No two persons ever read the same book. --Edmund Wilson

Thursday, May 24, 2018

2018/23: Exit West -- Mohsin Hamid

War in Saeed and Nadia's city revealed itself to be an intimate experience, combatants pressed close together, front lines defined at the level of the street one took to work, the school one's sister attended, the house of one's aunt's best friend, the shop where one bought cigarettes. [loc. 568]
Saeed and Nadia are citizens of a country that's never named. It might be Syria, or Bosnia, or Columbia: it might be anywhere. The country is being torn apart by civil war, and people are desperate to leave. As though summoned into being by this need for escape, doors are appearing, doors that open onto other places, other countries, though there's no way of knowing where or when: 'a normal door, they said, could become a special door, and it could happen without warning, to any door at all' [loc. 610].

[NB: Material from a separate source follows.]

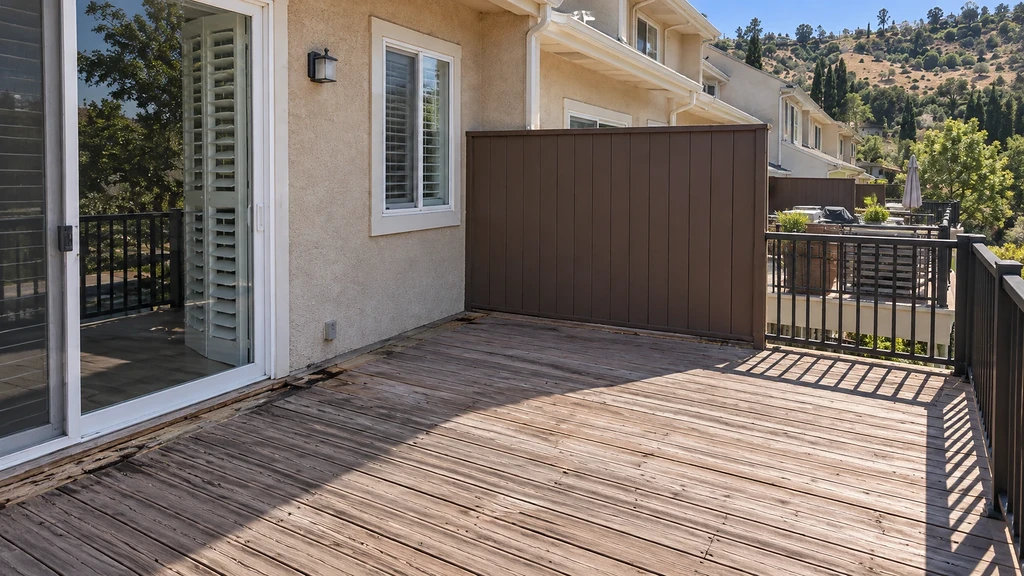 Weathered wood balcony decking with split, decayed boards along the sliding-door sill before replacement in Morgan Hill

The doors constitute a major global crisis, according to the media of the developed world -- the countries into which the doors open, the countries that are at peace. The doors are a passage to a better life, according to people like Saeed and Nadia, whose budding romance is stifled by the everyday inconveniences of war: a faltering phone network, irregular electricity, shelling, curfew, deaths in the family, the breakdown of the civil contract.

Nadia is something of a rebel, living alone though she is unmarried: later, outrageously, she moves into Saeed's house to help him care for his widowed father. Saeed is more solemn, increasingly braced by his faith: he prays 'as a gesture of love for what had gone and would go'. Once they have passed through the door, become refugees -- with some, if not all, of the hideous pragmatism that attends such a choice in the real world -- their relationship changes, as each of their selves is changed. For although there are no border guards or quotas or overcrowded dinghies in the world that Hamid describes, there is still racism, xenophobia, fear of the other; there are camps, and the need to work at menial jobs to earn enough money for food; the need to keep moving, and the longing for a place to call home.

This is a short and powerful novel, simultaneously stoic and lyrical: it doesn't dwell on the losses, the deaths, the partings, but it does feature arrestingly thought-provoking lines such as 'when we migrate, we murder from our lives those we leave behind'. It made me think anew (as did 2016's Queens of Syria at the Young Vic) about the realities of life in a city being destroyed by war: about the effort of maintaining normalcy as everything crumbles. And Exit West examines the idea that once you've fled your home, there is nowhere to stop.